En 1956 Ferres obtiene el premio Sésamo por el cuento Cine de Barrio, y a partir de ahí un desierto de galardones y reconocimientos, como antesala del olvido y hasta de la persecución y el exilio. Desde luego no obtuvo en su momento el premio Cervantes, aunque lo merecía, como tampoco le fue asignada la calle solicitada en un barrio popular, porque estaba aún vivo: fue la excusa del Ayuntamiento.
Y desde esa cultura popular de barrio escribe su gran epopeya de la ausencia de epopeya, excepto la epopeya (convertida en etopeya) de la pobreza, el miedo y la irrelevancia: La Piqueta, donde en el barrio de Orcasitas, a través de una prosa directa, limpia, se vive en chabolas un día más cada día, sin saber hasta cuándo se mantendrán en pie, dadas la amenazas de demolición y naufragio definitivo.
“Toda mi generación ha sido producto de un gran naufragio”, mantuvo Ferres.

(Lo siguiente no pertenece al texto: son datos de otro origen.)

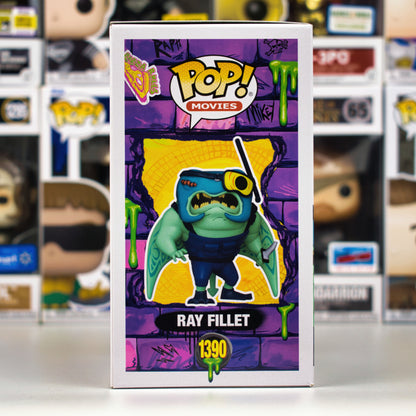 Funko Pop 1390 - Ray Filet - 4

Una generación valiente, comprometida políticamente, que basculó entre la lucha por la libertad y la supervivencia; una generación que no quiso rechazar su extrañamiento perenne ante una realidad injusta y mal organizada. “Si no se siente extrañamiento ante la vida, no se es escritor ni persona”, dijo casi al final, ya con un pie en el estribo, lúcido y empecinado, recalcitrante pero sereno.

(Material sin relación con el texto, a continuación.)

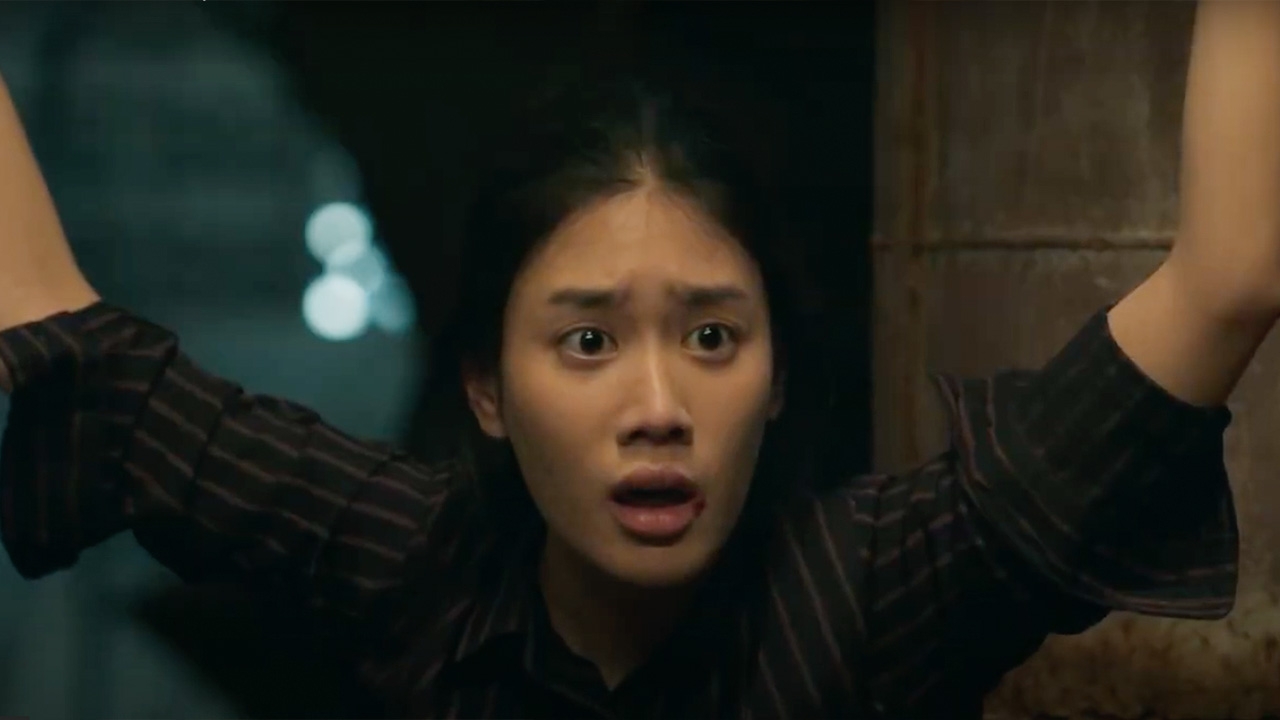 ตำรวจสาวโดนอุ้ม จุดเริ่มต้นไขปริศนาคดีฆาตกรรมต่อเนื่อง ในซีรีส์ "คือเธอ"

En 2002 publicó sus memorias, Memoria de un hombre perdido, y antes nos había dejado cuentos redondos, muy conseguidos, junto a algunos libros de poesía de una llanura extensa, al mismo tiempo ardiente y apagada: La inmensa llanura, La inmensa llanura no creada, La desolada llanura.

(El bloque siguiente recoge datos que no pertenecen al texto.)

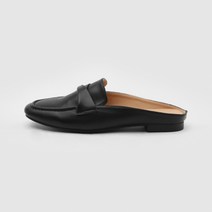 SAPPUN 아델리 라운드 블로퍼 (1cm) YE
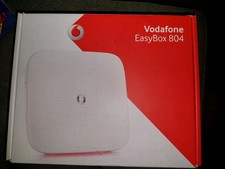 Vodafone EasyBox 804 DSL/VDSL Drahtlos Router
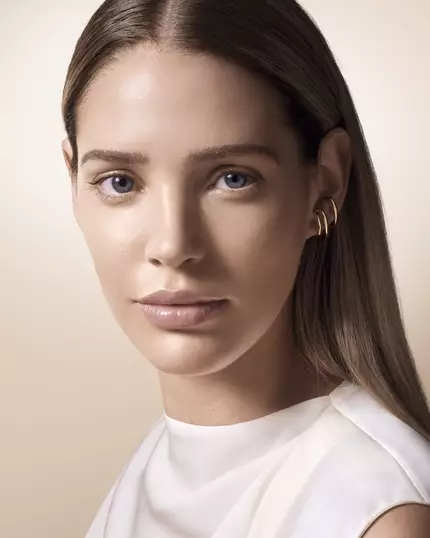 Illustration fur haufig gestellte Fragen bei Lancome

Su última tertulia se desarrolla en Santa Engracia, hasta los días de coronavirus y confinamiento, cuando se tiene que encerrar y muere, sin virus, no sin antes dejarnos un último poema, colgado en las redes por Enrique Ferres Benedito, donde nos hace una llamada final de optimismo. Es la despedida elegante de alguien que ha sufrido mucho, que se fue a destiempo de España y creyó volver a tiempo, sin conseguirlo, cuando murió el dictador en 1976, abandonando su cátedra de literatura en los Estados Unidos, simplemente porque añoraba España, esa España que nunca lo había añorado a él.